Stress cardiomyopathy (also called apical ballooning syndrome, Takotsubo cardiomyopathy, broken heart syndrome, and stress-induced cardiomyopathy) is a syndrome characterized by transient regional systolic dysfunction of the left ventricle (LV), mimicking myocardial infarction but in the absence of angiographic evidence of obstructive coronary artery disease or acute plaque rupture. Usually, the regional wall motion abnormality extends beyond the territory perfused by a single coronary artery. Stress cardiomyopathy was first described in 1990 in Japan.

Incorrect Answers:

(B) The disorder commonly occurs concurrently with myocarditis.
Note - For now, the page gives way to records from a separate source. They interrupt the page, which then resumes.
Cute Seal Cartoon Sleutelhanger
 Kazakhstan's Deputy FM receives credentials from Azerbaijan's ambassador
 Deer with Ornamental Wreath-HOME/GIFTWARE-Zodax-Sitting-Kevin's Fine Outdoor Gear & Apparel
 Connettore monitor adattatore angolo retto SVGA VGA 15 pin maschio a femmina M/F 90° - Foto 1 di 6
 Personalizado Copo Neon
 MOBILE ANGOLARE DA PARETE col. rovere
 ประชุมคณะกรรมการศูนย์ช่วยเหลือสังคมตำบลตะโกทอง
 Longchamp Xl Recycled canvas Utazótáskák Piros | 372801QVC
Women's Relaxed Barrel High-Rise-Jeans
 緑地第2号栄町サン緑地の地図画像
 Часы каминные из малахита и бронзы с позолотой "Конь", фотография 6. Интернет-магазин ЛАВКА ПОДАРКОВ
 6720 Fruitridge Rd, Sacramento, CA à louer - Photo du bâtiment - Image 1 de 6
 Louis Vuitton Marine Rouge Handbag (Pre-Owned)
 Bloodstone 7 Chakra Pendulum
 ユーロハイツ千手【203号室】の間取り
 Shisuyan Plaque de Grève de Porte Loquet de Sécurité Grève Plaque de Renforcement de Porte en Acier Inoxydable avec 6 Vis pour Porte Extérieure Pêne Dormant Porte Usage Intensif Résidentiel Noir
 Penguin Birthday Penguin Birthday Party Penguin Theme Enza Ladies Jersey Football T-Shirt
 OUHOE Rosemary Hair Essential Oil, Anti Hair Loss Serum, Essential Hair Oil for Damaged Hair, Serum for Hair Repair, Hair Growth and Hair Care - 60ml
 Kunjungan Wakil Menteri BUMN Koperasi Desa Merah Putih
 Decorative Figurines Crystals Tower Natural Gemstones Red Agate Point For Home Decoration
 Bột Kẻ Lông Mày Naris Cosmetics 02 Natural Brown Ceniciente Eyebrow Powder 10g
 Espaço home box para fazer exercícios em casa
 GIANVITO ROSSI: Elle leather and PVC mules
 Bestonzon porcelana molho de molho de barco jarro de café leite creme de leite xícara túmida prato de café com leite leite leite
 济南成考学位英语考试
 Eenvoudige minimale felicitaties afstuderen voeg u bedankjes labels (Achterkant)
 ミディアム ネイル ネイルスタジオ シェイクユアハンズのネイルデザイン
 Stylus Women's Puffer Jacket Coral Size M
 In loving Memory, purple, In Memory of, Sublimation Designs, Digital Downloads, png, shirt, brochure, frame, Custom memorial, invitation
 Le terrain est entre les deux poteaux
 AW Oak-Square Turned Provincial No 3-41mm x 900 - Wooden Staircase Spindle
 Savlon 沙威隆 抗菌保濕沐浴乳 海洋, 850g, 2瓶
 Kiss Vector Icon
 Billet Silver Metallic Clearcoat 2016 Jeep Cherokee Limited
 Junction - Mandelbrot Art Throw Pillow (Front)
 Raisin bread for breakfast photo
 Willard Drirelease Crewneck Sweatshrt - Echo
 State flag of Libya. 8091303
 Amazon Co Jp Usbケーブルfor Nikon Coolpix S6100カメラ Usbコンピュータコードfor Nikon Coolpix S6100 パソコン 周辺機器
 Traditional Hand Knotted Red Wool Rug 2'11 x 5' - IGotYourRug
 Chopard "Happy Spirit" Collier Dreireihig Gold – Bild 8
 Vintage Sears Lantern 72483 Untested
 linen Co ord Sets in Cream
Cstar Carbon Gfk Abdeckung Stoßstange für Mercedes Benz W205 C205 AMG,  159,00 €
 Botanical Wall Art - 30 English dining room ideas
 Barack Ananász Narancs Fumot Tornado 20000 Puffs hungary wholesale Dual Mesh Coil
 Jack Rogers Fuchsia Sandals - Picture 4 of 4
The diagnostic criteria of stress cardiomyopathy includes the presence of transient regional wall motion abnormalities (typically not in a single coronary distribution), absence of angiographic evidence of obstructive coronary disease/acute plaque rupture, with presence of new electrocardiographic abnormalities or modest troponin elevation.  There must be an absence of pheochromocytoma or myocarditis to meet diagnostic criteria.

(C) The most common clinical presentation involves syncope.

While syncope (or dyspnea) can be a presenting feature, the clinical presentation of stress cardiomyopathy is similar to that of acute coronary syndrome. The most common presenting symptom is acute substernal chest pain.  Every physician must consider this syndrome when there are symptoms such as chest pain or dyspnea in combination with EKG changes, or elevations in troponin. As noted, it is preceded by the death of relatives, particularly if unexpected or in the context of domestic abuse, arguments, catastrophic medical diagnoses, devastating financial or gambling losses, natural disasters, or acute medical illness.

(D) An electrocardiogram is most commonly normal in these patients.

Electrocardiographic abnormalities are common in patients with stress cardiomyopathy. ST-segment elevation occurs most commonly in the anterior precordial leads and often is similar to that seen with acute ST-elevation MI. ST depression is a less common finding. QT interval prolongation, T wave inversion, abnormal Q waves, and non-specific abnormalities may also be seen.